* **Task to carry out**: Quote the records below in full, exactly as given, with the images taken out.

Stored data

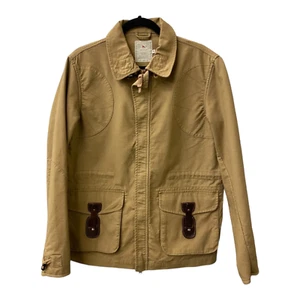 One True Saxon Mens Khaki Jacket Sz: S. Casual Mens Fashion / Streetwear - Picture 1 of 9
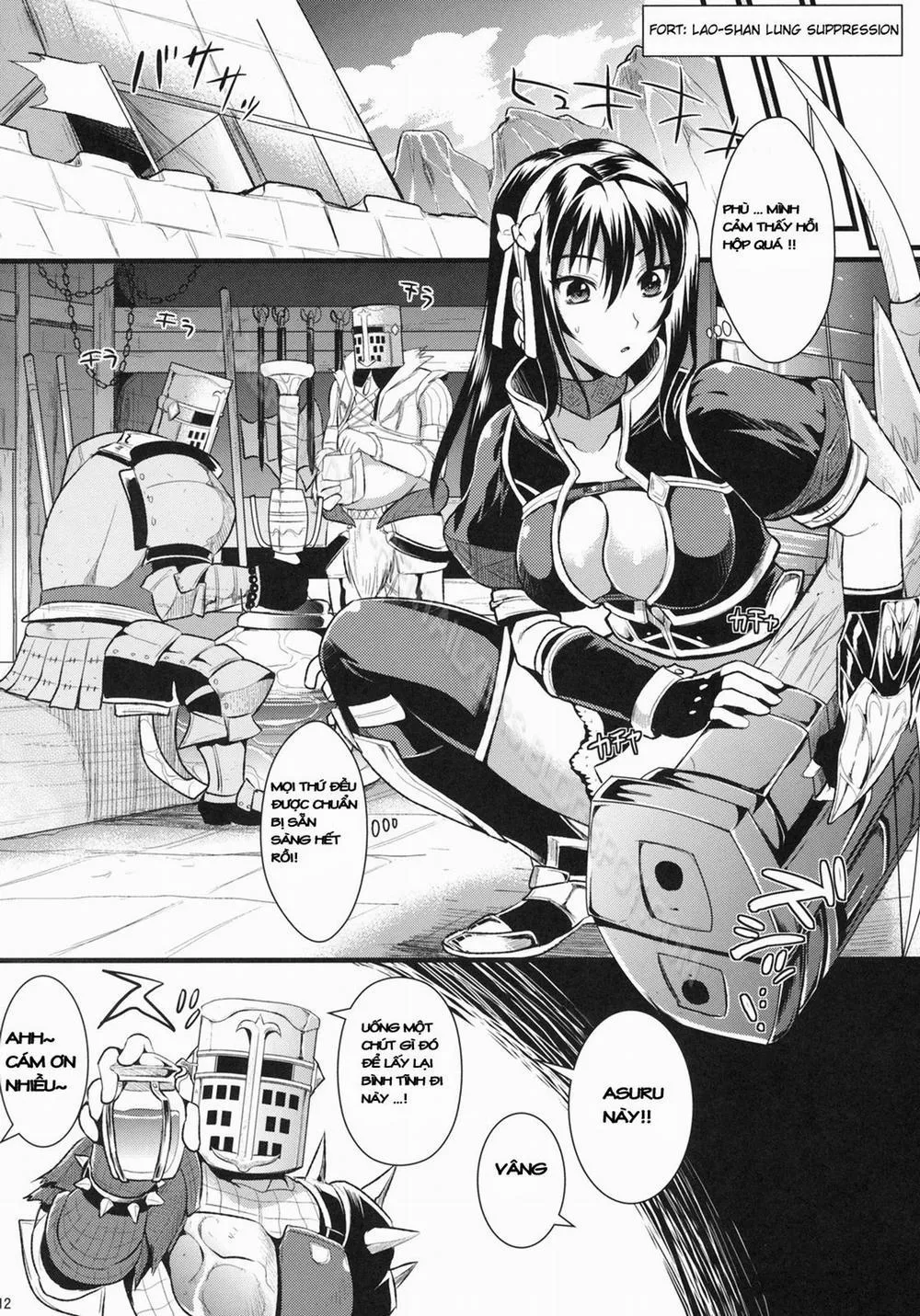 HentaiVN.net - Ảnh 11 - Shujou Seikou (Monster Hunter) - Chap 1
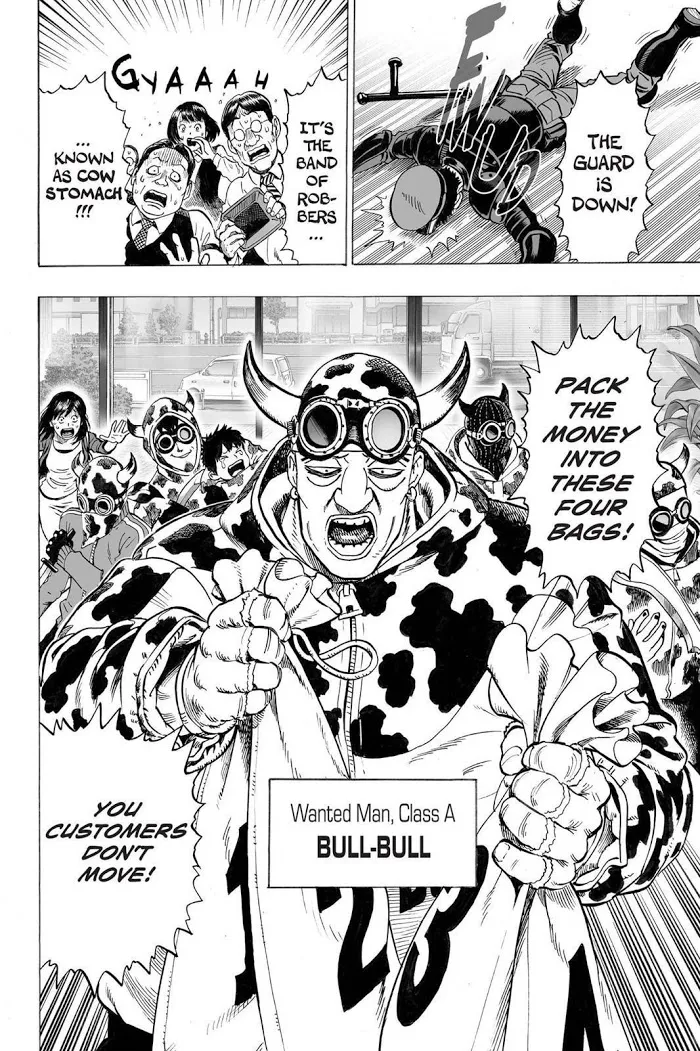 One Punch Man Chapter 29.1 page 10 - 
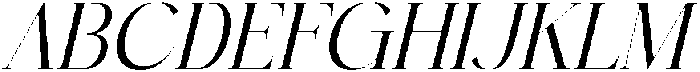 Aroma Floras Italic otf (400) FONT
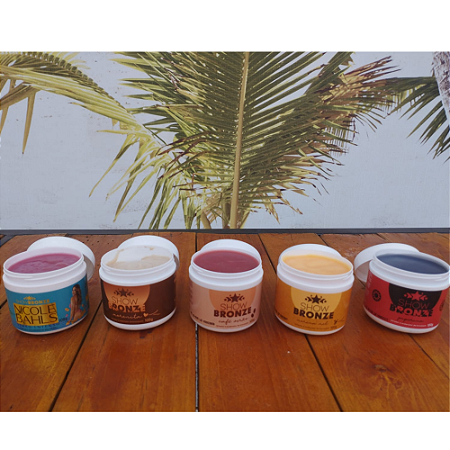 Parafina Capilar Essência 100g variedades Show Bronze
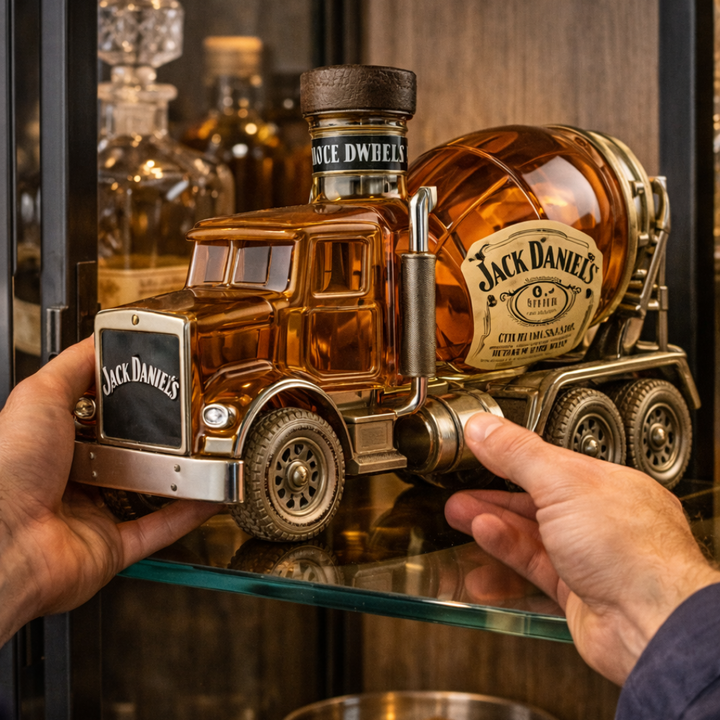 Edycja Camion - Karafka do whisky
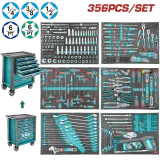 Armoire à Outils 7 Tiroirs 356 pcs - THPTCS73561 thumbnail 1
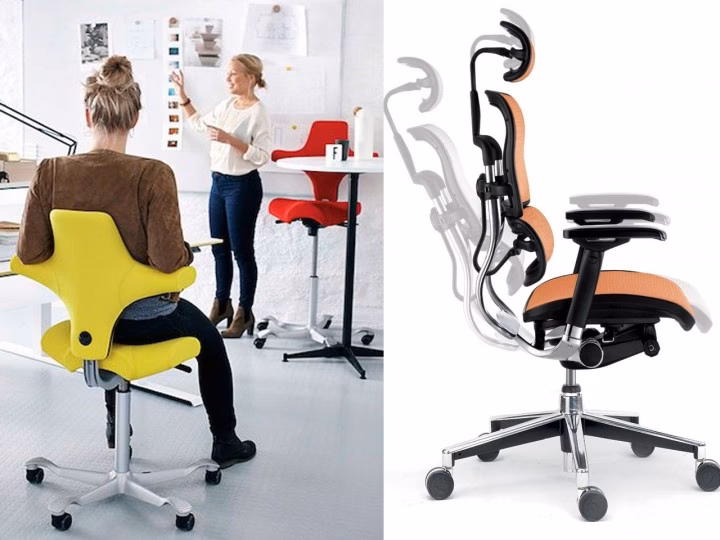 ¿Cuáles son los beneficios de las sillas de oficina?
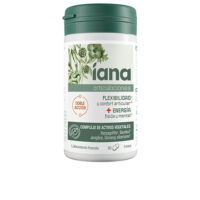 Box  of  Iana  Flexibility  and  Energy  Tablets  by  Iana,  a  supplement  indicated  for  physical  flexibility  and  energy.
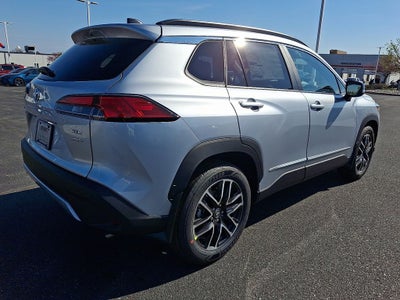 2026 Toyota Corolla Cross XLE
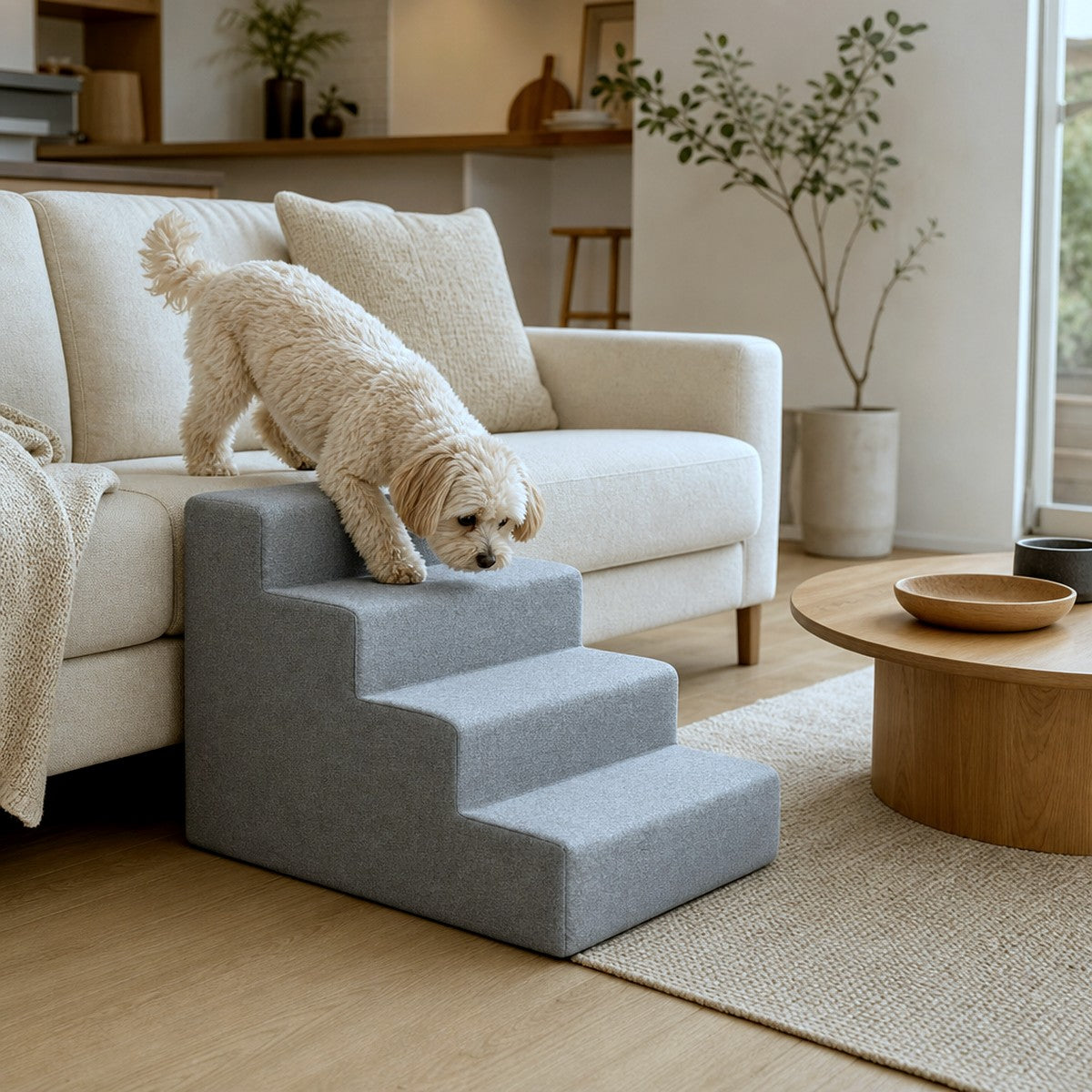 Pet stairs — PawLab & Studio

* **Solution for this problem**:
 One True Saxon Mens Khaki Jacket Sz: S. Casual Mens Fashion / Streetwear - Picture 1 of 9
 HentaiVN.net - Ảnh 11 - Shujou Seikou (Monster Hunter) - Chap 1
 One Punch Man Chapter 29.1 page 10 - 
 Aroma Floras Italic otf (400) FONT
 Parafina Capilar Essência 100g variedades Show Bronze
 Edycja Camion - Karafka do whisky
 Armoire à Outils 7 Tiroirs 356 pcs - THPTCS73561 thumbnail 1
 ¿Cuáles son los beneficios de las sillas de oficina?
 Box  of  Iana  Flexibility  and  Energy  Tablets  by  Iana,  a  supplement  indicated  for  physical  flexibility  and  energy.
 2026 Toyota Corolla Cross XLE
 Pet stairs — PawLab & Studio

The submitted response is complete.